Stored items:
———
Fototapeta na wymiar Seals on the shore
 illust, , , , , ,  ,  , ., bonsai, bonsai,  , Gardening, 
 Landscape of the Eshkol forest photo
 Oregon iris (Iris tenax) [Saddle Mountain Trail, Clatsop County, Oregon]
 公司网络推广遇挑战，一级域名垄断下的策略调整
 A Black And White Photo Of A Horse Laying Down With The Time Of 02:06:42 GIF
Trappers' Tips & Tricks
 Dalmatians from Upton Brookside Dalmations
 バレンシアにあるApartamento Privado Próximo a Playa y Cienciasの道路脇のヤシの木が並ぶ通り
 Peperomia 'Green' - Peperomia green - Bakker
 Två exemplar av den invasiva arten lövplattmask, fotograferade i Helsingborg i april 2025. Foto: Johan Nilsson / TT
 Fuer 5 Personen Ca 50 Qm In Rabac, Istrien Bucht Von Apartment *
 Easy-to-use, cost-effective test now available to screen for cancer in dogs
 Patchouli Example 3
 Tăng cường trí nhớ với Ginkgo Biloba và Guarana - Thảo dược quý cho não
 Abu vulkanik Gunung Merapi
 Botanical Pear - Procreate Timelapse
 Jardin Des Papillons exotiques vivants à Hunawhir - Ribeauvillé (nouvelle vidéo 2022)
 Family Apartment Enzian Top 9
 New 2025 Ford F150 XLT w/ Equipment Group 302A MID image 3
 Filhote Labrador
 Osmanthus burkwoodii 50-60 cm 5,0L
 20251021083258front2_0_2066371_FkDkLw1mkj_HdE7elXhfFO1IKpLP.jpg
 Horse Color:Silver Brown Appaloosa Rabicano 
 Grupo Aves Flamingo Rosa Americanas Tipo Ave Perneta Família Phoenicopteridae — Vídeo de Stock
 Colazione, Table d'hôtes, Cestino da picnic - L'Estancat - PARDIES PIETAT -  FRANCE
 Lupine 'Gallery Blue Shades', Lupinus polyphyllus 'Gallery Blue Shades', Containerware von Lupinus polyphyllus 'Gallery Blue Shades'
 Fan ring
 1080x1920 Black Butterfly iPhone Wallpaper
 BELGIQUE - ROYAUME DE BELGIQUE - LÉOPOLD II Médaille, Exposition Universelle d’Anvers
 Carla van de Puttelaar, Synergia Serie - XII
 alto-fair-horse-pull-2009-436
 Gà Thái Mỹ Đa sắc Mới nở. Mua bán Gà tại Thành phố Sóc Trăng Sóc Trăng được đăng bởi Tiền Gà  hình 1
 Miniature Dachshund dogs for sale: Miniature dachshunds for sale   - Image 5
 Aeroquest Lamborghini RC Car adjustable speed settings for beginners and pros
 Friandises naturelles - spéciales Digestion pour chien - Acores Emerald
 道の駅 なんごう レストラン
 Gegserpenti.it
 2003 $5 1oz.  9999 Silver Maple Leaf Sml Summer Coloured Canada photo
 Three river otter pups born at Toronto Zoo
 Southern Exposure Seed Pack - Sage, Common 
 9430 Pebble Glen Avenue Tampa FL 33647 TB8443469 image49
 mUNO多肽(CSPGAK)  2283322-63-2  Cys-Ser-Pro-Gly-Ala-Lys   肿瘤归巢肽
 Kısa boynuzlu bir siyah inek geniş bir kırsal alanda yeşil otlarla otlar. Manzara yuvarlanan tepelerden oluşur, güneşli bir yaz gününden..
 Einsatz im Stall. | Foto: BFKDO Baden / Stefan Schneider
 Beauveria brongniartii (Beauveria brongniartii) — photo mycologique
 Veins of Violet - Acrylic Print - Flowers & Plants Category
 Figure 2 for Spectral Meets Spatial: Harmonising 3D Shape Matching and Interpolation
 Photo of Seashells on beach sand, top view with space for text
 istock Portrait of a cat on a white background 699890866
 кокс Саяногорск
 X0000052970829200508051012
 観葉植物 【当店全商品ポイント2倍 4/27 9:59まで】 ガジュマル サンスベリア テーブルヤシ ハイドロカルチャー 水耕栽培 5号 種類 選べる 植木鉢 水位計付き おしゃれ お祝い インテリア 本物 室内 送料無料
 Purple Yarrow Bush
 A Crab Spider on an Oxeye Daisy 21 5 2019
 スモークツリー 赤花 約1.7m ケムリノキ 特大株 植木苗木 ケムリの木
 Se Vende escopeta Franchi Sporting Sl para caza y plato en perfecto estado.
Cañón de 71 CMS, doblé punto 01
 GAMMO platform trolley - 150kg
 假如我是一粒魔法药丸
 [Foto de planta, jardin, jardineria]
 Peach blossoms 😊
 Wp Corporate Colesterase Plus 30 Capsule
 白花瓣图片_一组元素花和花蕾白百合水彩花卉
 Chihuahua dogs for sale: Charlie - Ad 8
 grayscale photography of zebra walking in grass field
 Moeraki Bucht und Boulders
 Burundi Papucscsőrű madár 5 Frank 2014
———
*DIRECTIONS FOR THIS TASK*. Using the records above, set down exactly the lines from the one with "Colazione, Table d'hôtes, Cestino" through the one with "スモークツリー 赤花 約1.7m ケムリノキ 特大株 植木苗木 ケムリの木", inclusive, and nothing more.

*ANSWER TO THE EXERCISE*.
 Colazione, Table d'hôtes, Cestino da picnic - L'Estancat - PARDIES PIETAT -  FRANCE
 Lupine 'Gallery Blue Shades', Lupinus polyphyllus 'Gallery Blue Shades', Containerware von Lupinus polyphyllus 'Gallery Blue Shades'
 Fan ring
 1080x1920 Black Butterfly iPhone Wallpaper
 BELGIQUE - ROYAUME DE BELGIQUE - LÉOPOLD II Médaille, Exposition Universelle d’Anvers
 Carla van de Puttelaar, Synergia Serie - XII
 alto-fair-horse-pull-2009-436
 Gà Thái Mỹ Đa sắc Mới nở. Mua bán Gà tại Thành phố Sóc Trăng Sóc Trăng được đăng bởi Tiền Gà  hình 1
 Miniature Dachshund dogs for sale: Miniature dachshunds for sale   - Image 5
 Aeroquest Lamborghini RC Car adjustable speed settings for beginners and pros
 Friandises naturelles - spéciales Digestion pour chien - Acores Emerald
 道の駅 なんごう レストラン
 Gegserpenti.it
 2003 $5 1oz.  9999 Silver Maple Leaf Sml Summer Coloured Canada photo
 Three river otter pups born at Toronto Zoo
 Southern Exposure Seed Pack - Sage, Common 
 9430 Pebble Glen Avenue Tampa FL 33647 TB8443469 image49
 mUNO多肽(CSPGAK)  2283322-63-2  Cys-Ser-Pro-Gly-Ala-Lys   肿瘤归巢肽
 Kısa boynuzlu bir siyah inek geniş bir kırsal alanda yeşil otlarla otlar. Manzara yuvarlanan tepelerden oluşur, güneşli bir yaz gününden..
 Einsatz im Stall. | Foto: BFKDO Baden / Stefan Schneider
 Beauveria brongniartii (Beauveria brongniartii) — photo mycologique
 Veins of Violet - Acrylic Print - Flowers & Plants Category
 Figure 2 for Spectral Meets Spatial: Harmonising 3D Shape Matching and Interpolation
 Photo of Seashells on beach sand, top view with space for text
 istock Portrait of a cat on a white background 699890866
 кокс Саяногорск
 X0000052970829200508051012
 観葉植物 【当店全商品ポイント2倍 4/27 9:59まで】 ガジュマル サンスベリア テーブルヤシ ハイドロカルチャー 水耕栽培 5号 種類 選べる 植木鉢 水位計付き おしゃれ お祝い インテリア 本物 室内 送料無料
 Purple Yarrow Bush
 A Crab Spider on an Oxeye Daisy 21 5 2019
 スモークツリー 赤花 約1.7m ケムリノキ 特大株 植木苗木 ケムリの木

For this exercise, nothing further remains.